Entries taken from a collection:

=======

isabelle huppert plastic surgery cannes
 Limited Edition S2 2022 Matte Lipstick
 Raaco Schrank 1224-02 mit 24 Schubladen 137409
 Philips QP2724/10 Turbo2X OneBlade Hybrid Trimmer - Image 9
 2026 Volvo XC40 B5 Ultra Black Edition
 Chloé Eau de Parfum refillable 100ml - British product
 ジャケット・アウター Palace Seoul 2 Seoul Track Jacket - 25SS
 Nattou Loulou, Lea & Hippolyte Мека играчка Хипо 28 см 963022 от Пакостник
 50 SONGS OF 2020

=======

# What the task requires
Emit only the final stretch of the records: the line containing "Chloé Eau de" through the end, each line exactly as it stands.

# Result of the task
 Chloé Eau de Parfum refillable 100ml - British product
 ジャケット・アウター Palace Seoul 2 Seoul Track Jacket - 25SS
 Nattou Loulou, Lea & Hippolyte Мека играчка Хипо 28 см 963022 от Пакостник
 50 SONGS OF 2020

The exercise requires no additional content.